Staune, wie schwer das Schaltwerk ist. Ist das speziell wegen dem Riesenritzel? Also 42 könnte keines meiner SW im Keller...

Finde die Bastelei aber gut!  Habs so noch nie gesehen, bin aber Fan ausgefallener Lösungen, wenn sie Vorteile bringen.


----------



## Toni172 (22. November 2013)

Die neuen Schaltwerke (die das Kettenschlagen verhindern) sind alle schwerer wie die alten Versionen. Egal ob SRAM Type 2 oder Shimano Shadow Plus.
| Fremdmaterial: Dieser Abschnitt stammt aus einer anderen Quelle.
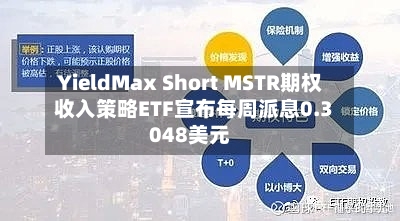 YieldMax Short MSTR期权收入策略ETF宣布每周派息0.3048美元-第1张图片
Als Vorteil erhoffe ich mir das es etwas leichter ist, und das die Kette vorne nicht mehr im groben Gelände abspringen kann. Und natürlich weniger Schaltarbeit.
Ob alles sauber zusammen funktioniert sehe ich erst wenn ich komplett montiert habe. Ich hatte schon mal gelesen das es Probleme geben kann. Was angeblich mit der Kettenstrebenlänge des Rahmens zu tun hat. Ist ja auch verständlich. Kurze Kettenstreben bedeutet mehr Schräglauf der Kette.


----------



## AlexMC (22. November 2013)

Interessantes Projekt, bin schon mal auf weitere Schritte und das Endergebnis gespannt.


----------



## Toni172 (22. November 2013)

*Steuerzentrale:*

*Lenker:*
Easton MonkeyLite SL Low Rise Carbon 25,4mm (aus Restekiste, original Bilder auf der Waage folgen)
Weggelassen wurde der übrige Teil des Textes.